Chinese in Glass
A book full of clarity and suggestion
Stopping to look at the ordinary things in life, that is the typical attitude of the main characters in all three of Nicolette Smabers’s books to date. The female narrator attempts to define her childhood as an Indonesian and a Catholic living in The Hague. Yet the more accurate her description becomes, the more puzzling it seems to appear. Like the marbles which Edith Persoon takes with her after visiting her Aunt Dora in Chinezen van glas: the multicoloured signs inside are Chinese characters - says Edith - which have to be read under a magnifying glass.

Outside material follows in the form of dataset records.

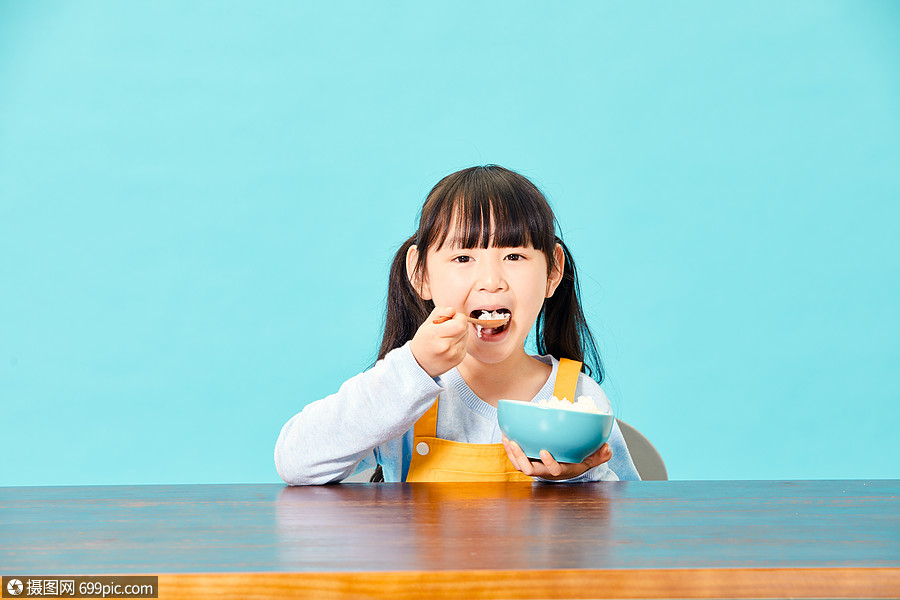 小女孩大口吃米饭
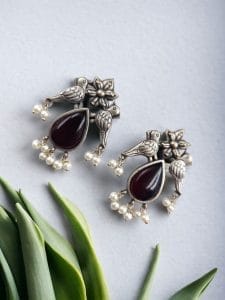 Premium Stone Jewelry | Silver Look Oxidized Bird Inspire Affordable Stud Earrings - Color: "Red"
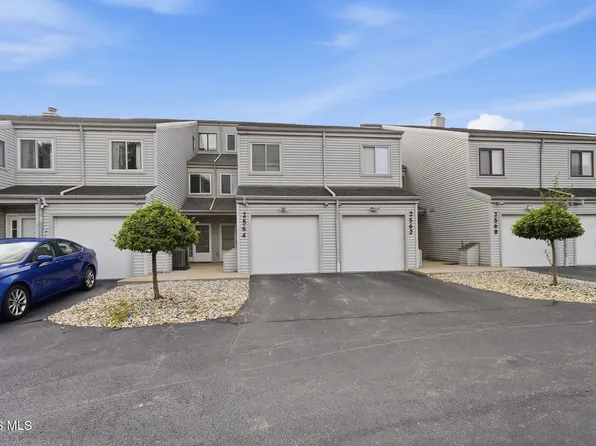 2564 W Village Dr, Toledo, OH 43614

In this novella the focus is mainly on the Indonesian side of the family. Edith, the main character, is confused; she has no place in history. She does not know what social group she belongs to, whether she is rich or poor, really or only nominally Catholic, and how Indonesian? This lack of a personal history, having to say that there is nothing to tell, is what the book is essentially all about. Smabers manages to express this by creating clear images to tell the actual story. This book comprises a string of images appearing as museum pieces behind glass, inaccessible. The death of the half-Indonesian father who refuses to talk about the past (perhaps because, as Edith discovers, he once had an affair with Aunt Dora and her son Carel might actually be his child) is described by Smabers as follows: “Six years later the doors were opened for us. It was as if our lives had been packed up tight all those years, vacuum packed, like coffee. Father’s death cut it open and all the contents surrendered with a sigh to the air from outside.” By describing the situation in this way Smabers avoids having to discuss those six years or getting bogged down in details. It is the precise use of language which gives the main character in Chinezen van glas something to hold on to. The fact that the father’s secretive silence might be nothing more than a screen for an everyday extra-marital affair and that Edith’s sister Mart later has a baby that may be cousin Carel’s child are disillusionments which never actually break the spell - meanwhile the delightful veil of illusion has provided a splendid show of linguistic skill.
This focus on the restrictions of a particular space is typical of Smabers’s work. It expresses the main character’s need for a sense of perspective, not to be in the centre of things but to be able to look at events from the outside. Everyday things become special, not because they are spectacular but because they are set apart. That makes this short novel fascinating literature.